Hacker News new | past | comments | ask | show | jobs | submit login
Why those particular integer multiplies? (fgiesen.wordpress.com)
75 points by luu 18 days ago | hide | past | favorite | 37 comments



How can software run on different CPUs when they support different operations?

When you download "debian-live-12.7.0-amd64-kde.iso", all the programs in the repos support all current Intel and AMD CPUs, right? Do they just target the lowest common denominator of operations? Or do they somehow adapt to the operations supported by the user's CPU?

Do dynamic languages (Javascript, Python, PHP...) get a speed boost because they can compile just in time and use all the features of the user's CPU?


> Do they just target the lowest common denominator of operations? Or do they somehow adapt to the operations supported by the user's CPU?

Mostly the former. Some highly optimized bits of software do the latter—they are built with multiple code paths optimized for different hardware capabilities, and select which one to use at runtime.

> Do dynamic languages (Javascript, Python, PHP...) get a speed boost because they can compile just in time and use all the features of the user's CPU?

Hypothetically yes, but in practice no for the languages you mentioned because they don't map well to things like SIMD. Some JIT-based numerical computing systems as well as JIT-based ML compilers do reap those benefits.


.NET/C# does pretty well with SIMD for a high level language, it has portable SIMD primitives which get JITed to whatever the system supports at runtime, and they're used quite extensively throughout the stdlib so you benefit even if you're not writing SIMD routines yourself.

They tried to do something similar in Javascript but it added way too much complexity to the runtimes and ended up getting dropped in favor of WASM SIMD.


It's possibly worth mentioning that Java is getting a vector API which explicitly abstracts over some of the details of SIMD, including width. You have a type Vector<T> which represents enough of some type T to fill a vector register (eg eight 32-bit numbers in a 256-bit register), operations on Vector<T> which produce another Vector<T>, and some way to break arrays up into Vectors of the right size for the platform. The API is a bit clunky, but you write code with it, the compiler performs a miracle, and efficient platform-specific vector code comes out.

https://docs.oracle.com/en/java/javase/23/docs/api/jdk.incub...
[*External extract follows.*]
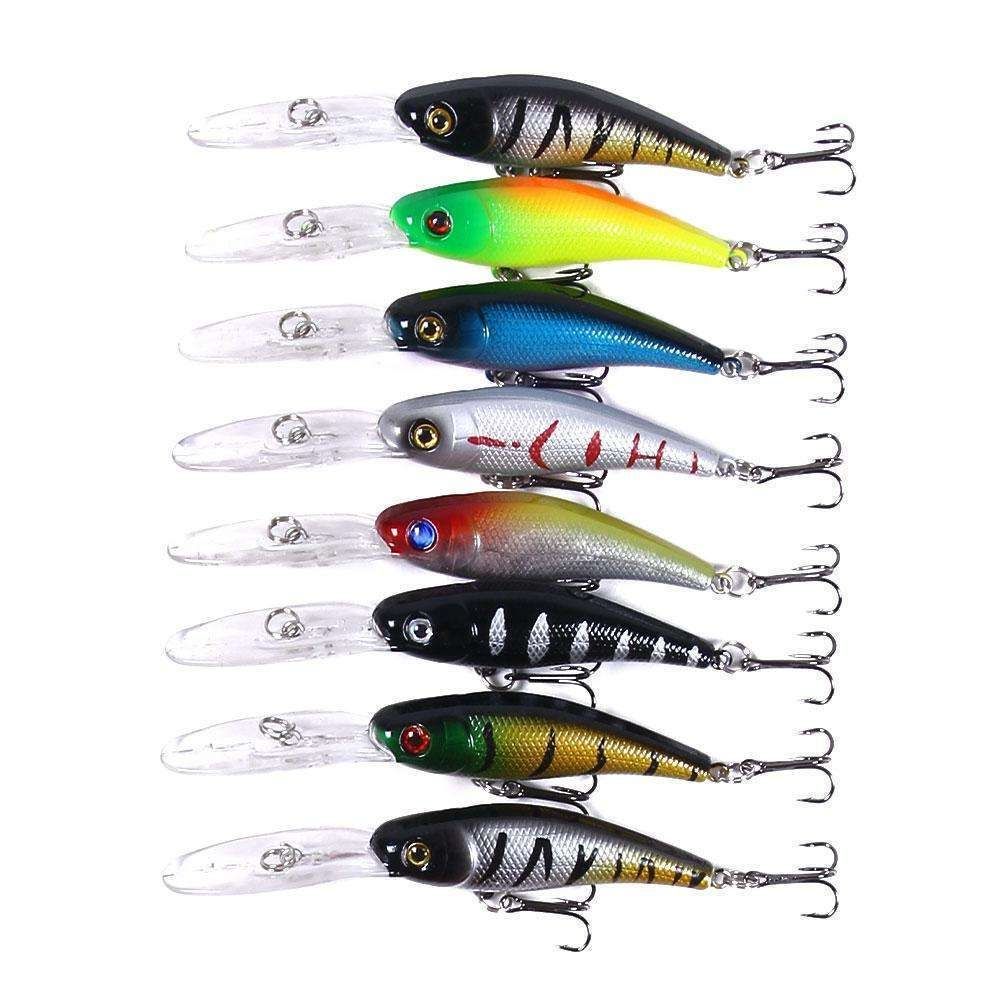 43-Pack Fishing Lure Wobbler Minnow Mixed Color V1237-ZY-506-0125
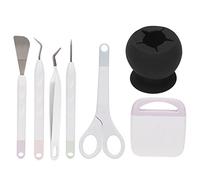 Juego de 7 piezas de herramientas de deshojado de vinilo, herramientas artesanales de deshojado para corte de papel y scrapbooking, kit de grabado de precisión DIY con caja de (Negra)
https://docs.oracle.com/en/java/javase/23/docs/api/jdk.incub...


Though it's pretty much incubating forever, or until Valhalla, whichever comes first.


SSE2 is a requirement for x86-64, which gives at least a reasonable(128bit wide SIMD) baseline.

SSE4 is from 2008, so making it a requirement isn't unreasonable.

Even AVX2 is from 2013, so some apps require it nowadays.

It is extremely difficult for a compiler to convert scalar code to SIMD automatically, even static C++ compilers really suck at it.

A dynamic compiler for javascript would have no real hope of any meaningful gains.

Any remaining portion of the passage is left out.